Since the question was about maximum safe values, I'm assuming that they are talking about the maximum safe value for a UDP packet that can be received. Since no UDP packet is guaranteed, if you receive a UDP packet, the largest safe size would be 1 packet over IPv4 or 1472 bytes.

Note -- if you are using IPv6, the maximum size would be 1452 bytes, as IPv6's header size is 40 bytes vs. IPv4's 20 byte size (and either way, one must still allow 8 bytes for the UDP header).

There isn't one.

I'm going to set aside entirely any 'UDP is best effort' reasoning, and just focus on 'maximum safe UDP packet size' taken as meaning 'small enough to absolutely avoid any fragmentation somewhere along the path'.

For important background:

> The only packet size you can rely to be transportable without fragmentation is 24 bytes for IPv4 and 56 bytes IPv6, as the smallest IP headers for a fragment are 20/48 bytes (v4/v6) and a fragment must have at least 4/8 bytes (v4/v6) payload data. Thus a transport system below IP layer that cannot transport at least packets of theses sizes, cannot be used to transport IP traffic [at all]. - Answer to 'how is the MTU 65507 in UDP...?'.

According to the answer above, this is because at that length, the IP fragmentation mechanism cannot operate - it could only generate a single fragment anyway.

> ... the IP standard requires every IP host to be able to receive IP packets with a total size of 576 bytes.... Note, however, the standard does not say 576 without fragmentation, so even a 576 byte IP packet might find itself fragmented between two hosts [somewhere along the path between source and destination].

So anything bigger than the smallest the internet protocol could possibly do, could in fact find itself fragmented due to being 'invisibly' temporarily encapsulated to just above the limit somewhere along the path, even if you chose the minimum UDP payload, which would be: 576 - 8 (for UDP header) - 20 (IPv4) or 40 (IPv6) = min of 528 (in case you are not sure whether v4 or v6 will be used).

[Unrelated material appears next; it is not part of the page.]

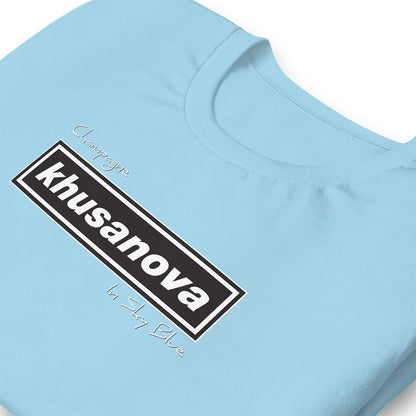 Khusanov T-shirt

A reason you might be trying to avoid fragmentation, is that it does increase the likelyhood that the packet will go missing in it's entirety. More packets, just due to the higher overhead, would mean greater likelyhood of failure, let alone that each packet (even a fragment) represents another 'chance' to be lost. Of course, if it happens to be handed on to some link that just drops it for being too big...

TCP implementations at OS level do things to try to pick the highest safe MTU within the TCP layer, including dealing with it dynamically changing sometimes, as parts of the path between source and destination can differ packet-by-packet.

For UDP, this whole problem becomes yours also: And it's not so simple as just 'use the largest that will certainly not fragment'.

RFC2460 section 5 has this to say (about minimum MTU for IPv6). > IPv6 requires that every link in the internet have an MTU of 1280 octets or greater. On any link that cannot convey a 1280-octet packet in one piece, link-specific fragmentation and reassembly must be provided at a layer below IPv6.

Therefore fragmentation can also happen at beneath the IP level, where a particular link between two hosts along the path decides to fragment it, then may shove the fragments down parallel pipes... to have them reassembled into one packet at the other end of that one link.

If there is an out-of-ordering of those fragments, that reording mechanism might reassemble the packet incorrectly, without even realizing that it reordered part of it.

Of course, if the hardware was sticking to the IP specification, it should be able to notice that the packets got out of order by inspecting the fragment offset part of the IP header, but most link protocols just reassemble the fragments in the order received, without worrying about out-of-order packet reception.

Now if that 'lower level' interconnect is itself used as a network... such as within the core of a large switch, for instance, then it might be possible that under heavy loads and many parallel paths, such fragments might get out of order before reassembly.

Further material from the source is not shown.